Although her handbag had contained all her ID, the young woman still had the crumpled train ticket she’d found in her pocket. Together, she and the airport official had decided it was probably a ticket to her hometown, and as the train grinds to a halt around twilight, the young woman realises she’s finally arrived at her stop.
Walking through the quaint little town, the young woman turns right at the pub and heads down a lane full of old thatched cottages. Her hands are shaking by the time she arrives at the last house on the right, but she lifts the wrought-iron door-knocker and steels herself. She’s come this far. She can do this. So she knocks. “Can I help?” a man asks when he answers the door. “I live here,” the young woman manages, “this is my house”.

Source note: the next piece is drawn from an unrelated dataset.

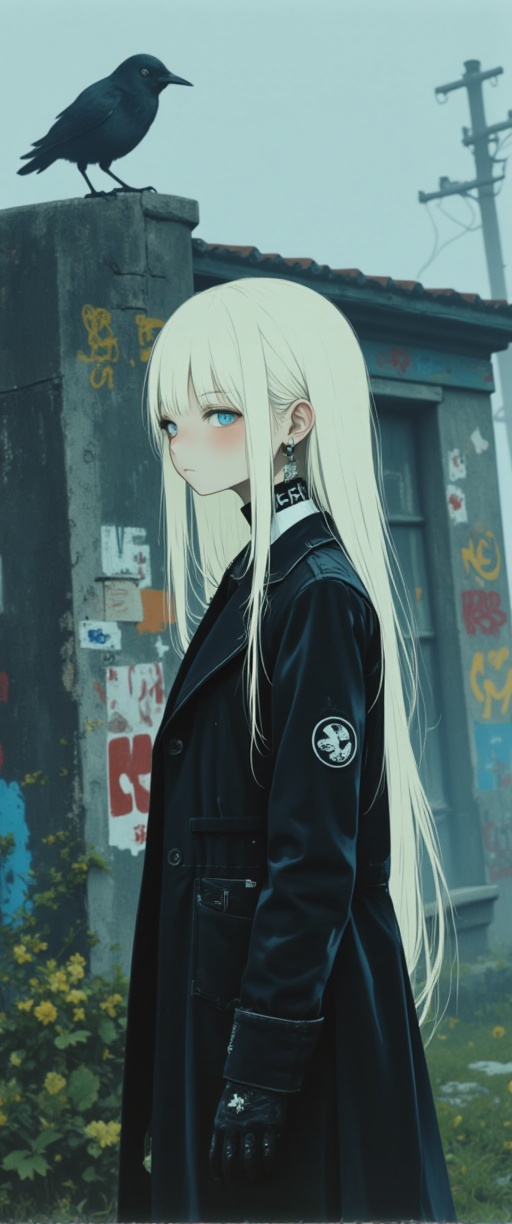 A hauntingly beautiful scene unfolds before us: a woman with long,  flowing white hair and a dramatic black coat stands re...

Tony and Laura, the couple inside the house, are hospitable enough and invite her inside, but the young woman catches them casting concerned glances at each other when they think she’s not looking. They both insist they’ve never seen her before and that this is their house, but there’s no doubt in the young woman’s mind that this is exactly where she needs to be. And if there’s another thing she knows for sure, it’s that at least one person in the house is lying about what they know – lying through their teeth.
Forget My Name is an outstanding new psychological thriller from J.S. Monroe, the author behind the 2017 bestseller, Find Me. With more twists and turns than an English country lane, Forget My Name is a compulsively readable novel, and Monroe deftly moves between multiple viewpoints to follow both the mysterious protagonist and the villagers as they work to uncover her true identity. Each chapter is short and many finish with cliffhangers, which only heightens the readability. If you don’t blaze through this book in one sitting, we’d be surprised.
The characters in Forget My Name are complex and compelling, and as the story moves between chapters and viewpoints, we are made to doubt things that seemed true, and to re-form over and over our impressions of different characters. Who is telling the truth and who is lying? Monroe will keep you on the edge of your seat until you find out.
The places visited in the book deserve a mention too. We always love a mystery set in the English countryside, but Forget My Name takes some interesting detours to Berlin and southern India, which gives the story a really unique feel.
If you’re after a fast-paced, action-packed and cleverly plotted thriller, we highly recommend Forget My Name.
About the author:
J.S. Monroe read English at Cambridge, worked as a freelance journalist in London and was a regular contributor to BBC Radio 4. Monroe was also a foreign correspondent in Delhi for the Daily Telegraph and was on its staff in London as Weekend editor. He has written six novels, including the international bestseller Find Me.